The named list `settings` has some values that must be specified for every call to `makePlots` while others are optional or only required for certain plots. The required values for every call are as follows:

| Settings | Description |
|--------|---------------------------------|
| `k=` | Numeric, number of clusters |
| `linkage=` | Linkage used by `stats::hclust` |
| `metric=` | Metric used by `getDists` |
| `plotType` | Plot to create. Each type and their required settings are described below.|

> `linkage` can be one of the following: "complete", "single", "average", "median", "centroid", "mcquitty", "ward.D", "ward.D2"
>
> `metric` can be one of the following: "euclidean", "maximum", "manhattan", "canberra","binary", "minkowski","user"

## Plot specific settings

Each `plotType` has got its own required settings. For each plot type these are described as follows:

| Plot | Description | Required settings | 
|--------|--------------|---------------------------------|
| "PC" | Parallel coordinate plot | `filt=` subset of 1:k (number of clusters) to show in the plot. `centre=` `TRUE` or `FALSE`: should centred coordinates be plotted. `scale=` `TRUE` or `FALSE`: should scaled coordinates be plotted.|
| "WC" | Plot of clustering on axes from space 2 | `x=`,`y=` column names of space 2 to be drawn <br>`showalpha=` TRUE or FALSE to show alpha hulls <br>`WCa=` alpha value for alpha hulls|
| "chi2" | Plot of score on axes from space 2 | `x=`,`y=` column names of space 2 to be drawn <br>*Note that a function that returns values must be passed in `getScores`*|
| "sigBins" | Plot of bins on axes from space 2 | `x=`,`y=` column names of space 2 to be drawn <br>*Note that a function that returns bins must be passed in `getScores`*|
| "heatmap" | Ordered dendrogram plot of clustering | no additional parameters |
| cluster stats | Plot of cluster stat vs number of clusters | One of the following is what is given as `plotType`: "within.cluster.ss", "wb.ratio","pearsongamma", "dunn", "ch", "rmax", "dmax" "dmin", "dchi2rand"|
| "Obs" | Plot space 1 variable on axes from space 2 | `Obs=` name of variable from space 1 <br>``x=`,`y=` column names of space 2 to be drawn |

The following plotTypes are for high dimension views:

#### "tour"
A `detourr` tour of the high dimensional space.
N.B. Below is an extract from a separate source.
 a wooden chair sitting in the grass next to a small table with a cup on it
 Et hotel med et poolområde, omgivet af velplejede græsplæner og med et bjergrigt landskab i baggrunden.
| Settings | Description |
|--------|---------------------------------|
| `tourspace=` | One of "space1" or "space2" to show data of in tour |
| `colouring=` | How to colour points in the plot. One of "clustering", "user", "bins", "score"|
| `user_group=` | User defined grouping for each point used if "user" is passed for `colouring` |
| `out_dim=` | Dimension of output display. Numeric, possible values are 2 or 3 |
| `tour_path=` | Tour path and type to use, one of "grand","cmass","holes","lda","pda","dcor","origin","spline","radial","mahalanobis","anomaly" |
|`display=` | Display type, one of "scatter","slice" |
| `radial_start=` | Projection to use as start of radial tour, one of "random","cmass","holes","lda","pda","dcor","origin","spline","mahalanobis" |
| `radial_var=` |  Variable to remove by radial tour |
| `slice_width=` | Relative slice volume. Numeric |
|`final_frame` | if true returns the final frame as a ggplot2 plot of final frame otherwise returns detour object |
| `seed` | Set the seed for the function |

#### "dimRed"
A dimension reduction view of the high dimensional space.
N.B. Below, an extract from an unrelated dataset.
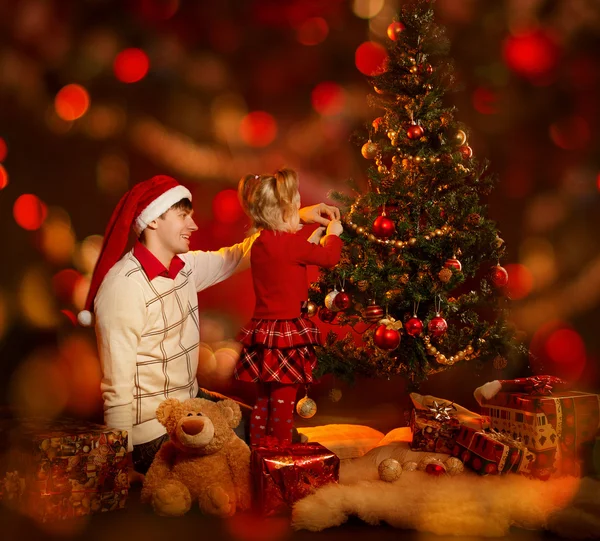 Family decorating Christmas tree. Father and daughter Royalty Free Stock Images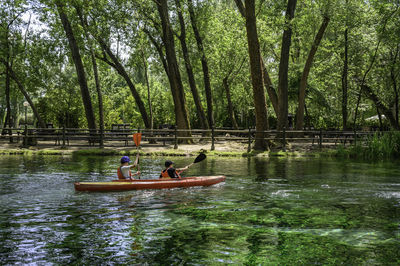 People sitting on boat in lake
| Settings | Description |
|--------|---------------------------------|
| `dimspace=` | One of "space1" or "space2" to use |
| `colouring=` | How to colour points in the plot. One of "clustering", "user", "bins", "score"|
| `user_group=` | User defined grouping for each point used if "user" is passed for `colouring` |
| `algorithm=` | Name of algorithm used for dimension reduction |
| `dimReduction` | Function for calculating dimension reduction see "using dimension reduction" for more details |
| `interactive` | `TRUE` or `FALSE` if true returns plotly plot if false returns ggplot2 plot |
| `seed` | Set the seed for the function |

# results
The results parameter allows for faster computation times using the `makeResults()` function.
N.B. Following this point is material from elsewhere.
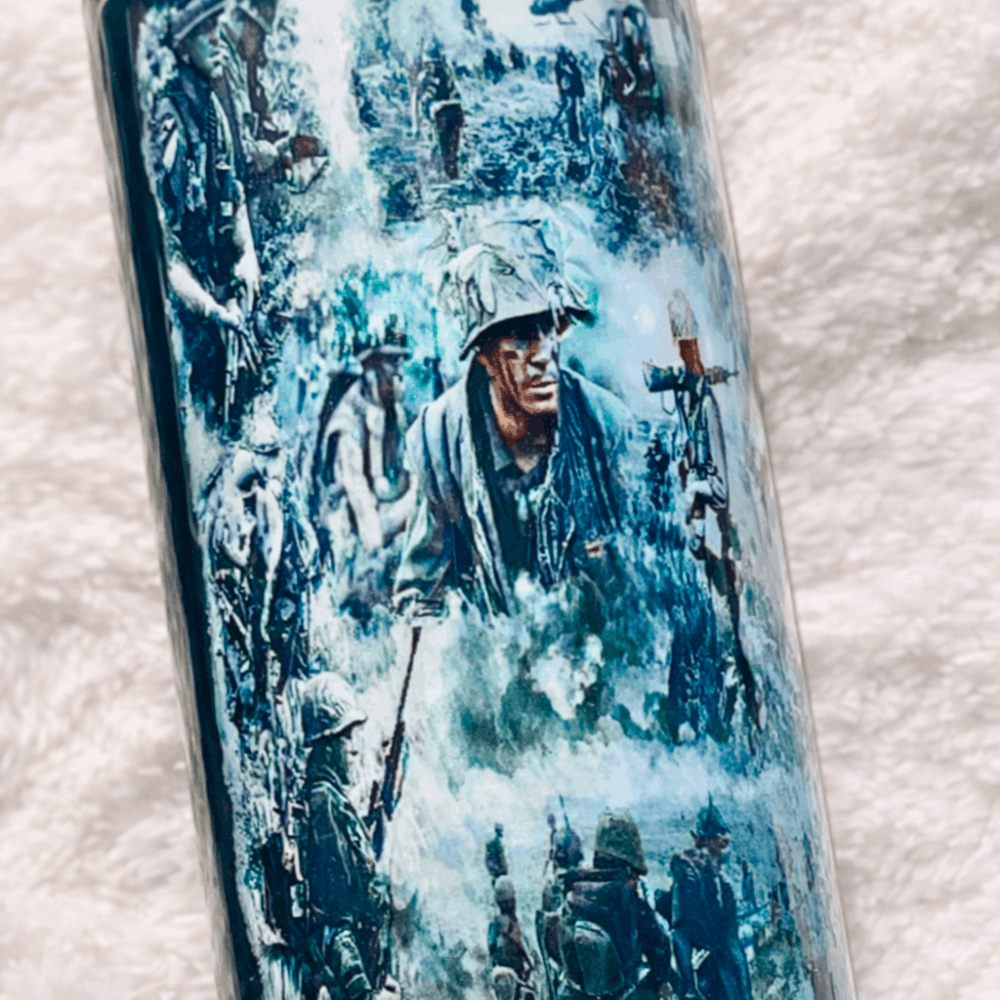 Tumbler with military-themed design on a textured surface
This function creates a list of results used by `makePlots` that are normally computed if not provided through the results parameter.
`makeResults` takes all of the same parameters as `makePlots`, the settings that need to be provided are `k`, `linkage` and `metric`. The output is then passed to `makePlots` and the previous settings no longer need to be provided. 

A typical use is as below.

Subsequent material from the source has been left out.